In 2001, Junblatt and former Maronite Patriarch Mar Nasrallah Butros Sfeir signed a penance pact to allow Christians forcefully displaced during civil war battles that took place between militias of the predominantly Druze Progressive Socialist Party (PSP) and the Christian Lebanese Forces (LF) in the Chouf in 1983 to return.
Patriarch Mar Bisharah Butros Al Ra‘i marked the anniversary of the pact by holding a mass at Al Saydah Church in the presence of prominent political figures, including Junblatt, his son Taymur, LF deputy leader George Adwan, Lebanese Democratic Party leader Talal Arslan, former presidents Ameen Gemayel and Michel Sulaiman, the scion of a leading Maronite family Farid Haykal Al Khazen who financed the restoration of the house of worship, Army Commander General Jean Qahwaji, Papal Ambassador to Lebanon Gabriel Caccia, Hezbollah Deputy Ali Fayyad and scores of other dignitaries.
The Cardinal touched on key concerns in his homily, calling on Lebanon’s elites “to continue this conciliation and provide it with the spiritual, economic and social frameworks to protect the mountain area.”

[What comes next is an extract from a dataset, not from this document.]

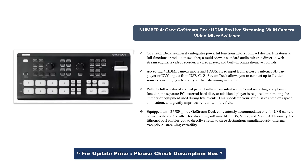Accepting 4 HDMI camera inputs and 1 AUX video input from either its internal SD card player or UVC inputs from USB-C, Go Stream Deck allows you to connect up to 5 video sources, enabling you to start your live streaming in no time. With its fully featured control panel, built-in user interface, SD card recording and player function, no separate PC, external hard disk, or additional player is required, minimizing the number of equipment used during live events.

In a veiled attack on the most recent failed National Dialogue sessions, the head of the Maronite Church insisted on the necessity to first elect a president before addressing other pending issues.
“What is the point of addressing issues before electing a head of state, … [the only person] authorised to tackle [constitutional] matters,” he inquired, aware that his utterances reflected grave preoccupations among many who perceived the most recent debates as a way to weaken all available constitutional mechanisms.

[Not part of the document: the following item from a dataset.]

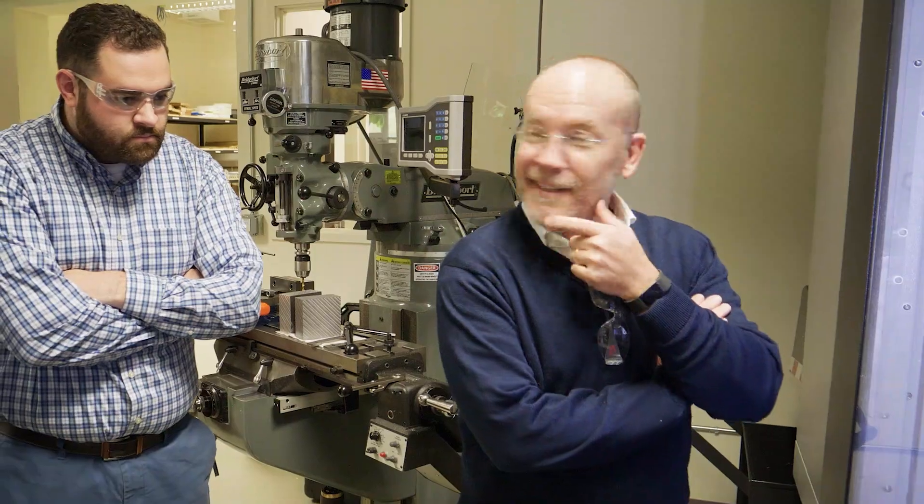Today we're working with Harvey Performance Company. My name is Jeff Davis, and Harvey Performance Company has two brands: Harvey Tool and Helical Solutions.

At a reception that followed mass, Junblatt expressed his hope that the Lebanese would heighten their awareness of regional threats “and find solutions to the country’s complicated problems by restoring the roles of state institutions.” It was ironic that he spoke these words in front of President Sulaiman sitting on the front row, aware that the PSP-supported Henri Helou candidacy — some called it the Manchurian Candidate — blocked Samir Geagea’s election on April 23, 2014, during the first and only ballot cast by parliamentarians in this cycle.
Although the architect of the Maronite-Druze reconciliation, Cardinal Sfeir, was absent from Sunday’s ceremonies, Junblatt praised the elderly cleric and reiterated that the conflict between the two communities would not be repeated. “At a time when wars are raging in the region and terrorism has surpassed the borders of countries and reached the whole world, we hold onto the reconciliation in Lebanon, which became a model for the world,” he hammered, and while he praised dialogue and coexistence as basic principles among the Lebanese, he skipped over many recent clashes that destabilised the country.

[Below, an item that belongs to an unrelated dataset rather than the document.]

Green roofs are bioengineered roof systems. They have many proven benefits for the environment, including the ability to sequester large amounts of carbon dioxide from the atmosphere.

Attendees who spoke to media outlets stressed that if political reconciliation could occur among two major feudal parties that spared no one at the height of the civil war, that this could also “revive the state and its Constitutional institutions,” if current actors wished to. Few of the thousands of Christians who were forced to leave the Chouf in the early 1980s returned although the plan to bring them back gained momentum in 2014, which the rebuilding of the ransacked Brih church aimed to facilitate.
Long-standing tensions
During Lebanon’s civil war in the 70s and 80s, Druze sided with anti-Christian elements that led to ugly clashes.
However, Maronite-Druze disputes can be traced as far back as the 1860s during the Mount Lebanon civil war when Maronite peasants rose against their Druze feudal lords under Ottoman rule.
The rebellion resulted in the deaths of an estimated 20,000 Christians at the hands of the Druzes. At least 380 Christian villages and 560 churches were destroyed.
4,000 Druze were also killed in the bloody battles.
The Ottoman’s had signed a treaty in 1523 with Paris, permitting France to protect Arab Christians.
On August 3, 1860, France dispatched 12,000 European soldiers including Brits, to put an end to the massacres and bloodshed.
The clashes led to the formal creation of the Mount Lebanon Mutasarifiyyah on June 9, 1861, which granted semi-autonomy to the area, although it remained under Ottoman rule with Dawood Pasha as its leader, an Armenian Catholic Governor. Tensions between Maronites and Druzes eased somewhat but no one was spared the 1915-1918 Ottoman imposed embargo on food, which resulted in the deaths of half of Mount Lebanon’s population — then estimated at 400,000 — through famine.